Gene-environment interactions in cortical interneuron development and dysfunction: A review of preclinical studies

Abstract

Cortical interneurons (cINs) are a diverse group of locally projecting neurons essential to the organization and regulation of neural networks. Though they comprise only ∼20% of neurons in the neocortex, their dynamic modulation of cortical activity is requisite for normal cognition and underlies multiple aspects of learning and memory. While displaying significant morphological, molecular, and electrophysiological variability, cINs collectively function to maintain the excitatory-inhibitory balance in the cortex by dampening hyperexcitability and synchronizing activity of projection neurons, primarily through use of the inhibitory neurotransmitter gamma-aminobutyric acid (GABA). Disruption of the excitatory-inhibitory balance is a common pathophysiological feature of multiple seizure and neuropsychiatric disorders, including epilepsy, schizophrenia, and autism. While most studies have focused on genetic disruption of cIN development in these conditions, emerging evidence indicates that cIN development is exquisitely sensitive to teratogenic disruption. Here, we review key aspects of cIN development, including specification, migration, and integration into neural circuits. Additionally, we examine the mechanisms by which prenatal exposure to common chemical and environmental agents disrupt these events in preclinical models. Understanding how genetic and environmental factors interact to disrupt cIN development and function has tremendous potential to advance prevention and treatment of prevalent seizure and neuropsychiatric illnesses.

Keywords: Cortical development; Developmental neurotoxicity; Gene-environment; Interneuron; Schizophrenia; Seizure.

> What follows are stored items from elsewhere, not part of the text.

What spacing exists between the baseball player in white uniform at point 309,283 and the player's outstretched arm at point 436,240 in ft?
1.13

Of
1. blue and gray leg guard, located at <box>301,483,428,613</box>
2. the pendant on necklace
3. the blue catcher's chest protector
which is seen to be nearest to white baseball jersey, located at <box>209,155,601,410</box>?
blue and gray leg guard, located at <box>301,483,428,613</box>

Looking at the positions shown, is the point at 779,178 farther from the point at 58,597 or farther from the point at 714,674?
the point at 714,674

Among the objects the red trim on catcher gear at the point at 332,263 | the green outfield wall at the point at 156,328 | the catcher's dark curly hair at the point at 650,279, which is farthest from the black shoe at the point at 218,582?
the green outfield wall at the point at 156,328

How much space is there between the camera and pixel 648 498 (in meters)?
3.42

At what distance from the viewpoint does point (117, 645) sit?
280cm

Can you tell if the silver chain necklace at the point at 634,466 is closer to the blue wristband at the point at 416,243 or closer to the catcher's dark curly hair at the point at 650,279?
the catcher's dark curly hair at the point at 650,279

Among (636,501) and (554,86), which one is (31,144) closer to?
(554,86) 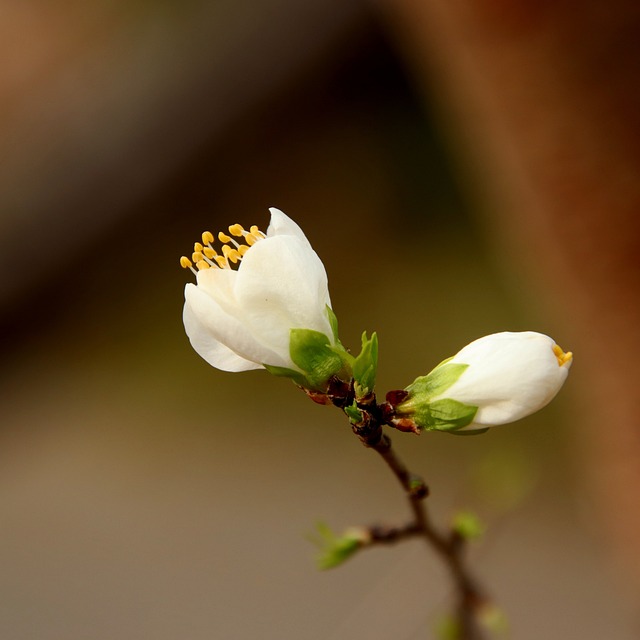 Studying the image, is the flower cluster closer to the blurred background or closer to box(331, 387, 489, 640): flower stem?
box(331, 387, 489, 640): flower stem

Figure 1. Cortical Interneuron Development

Upper left: Three-dimensional reconstruction of the brain and face of a fetal mouse derived from high resolution magnetic resonance microscopy sections. The light green square indicates plane of section for the schematic illustration to the right. Right: Schematic illustration of the developing telencephalon at approximately embryonic day 15. Dark green arrows indicate possible routes of cortical interneuron (cIN) tangential migration from the subpallial proliferative zones to the cortex. cINs born during the early neurogenic period primarily enter the cortex via a superficial stream within the marginal zone (1,3), while those that are born during the late neurogenic period enter via a deeper stream into the intermediate and subventricular zones (2). Subsequent to tangential migration, cINs align along either side of the cortical plate before undergoing radial migration and integration. LGE, MGE, CGE: lateral, medial, and caudal ganglionic eminences. POA: preoptic area.

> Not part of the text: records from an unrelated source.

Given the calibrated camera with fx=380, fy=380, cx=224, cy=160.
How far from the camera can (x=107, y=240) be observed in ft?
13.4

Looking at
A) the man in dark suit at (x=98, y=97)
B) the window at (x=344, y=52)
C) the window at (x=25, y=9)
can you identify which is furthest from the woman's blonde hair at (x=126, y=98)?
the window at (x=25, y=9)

Figure 2. Cortical Interneuron Development is Highly Sensitive to Teratogenic Disruption

Left: Timeline of critical periods in human and mouse cortical interneuron (cIN) ontogenesis. Right: Common teratogens target key events in cIN development including initial fate specification, proliferation, tangential migration from the subpallium to the cortex, circuit integration, and adoption of mature expression and connective profiles. Highlighting the emergent nature of the field, 68% (n=15/22) of the studies supporting this list were published within the past 5 years. Asterisks (*) denote areas where further experimental evidence is required to substantiate the association. dpc: days post conception, E: embryonic day, PD: postnatal day.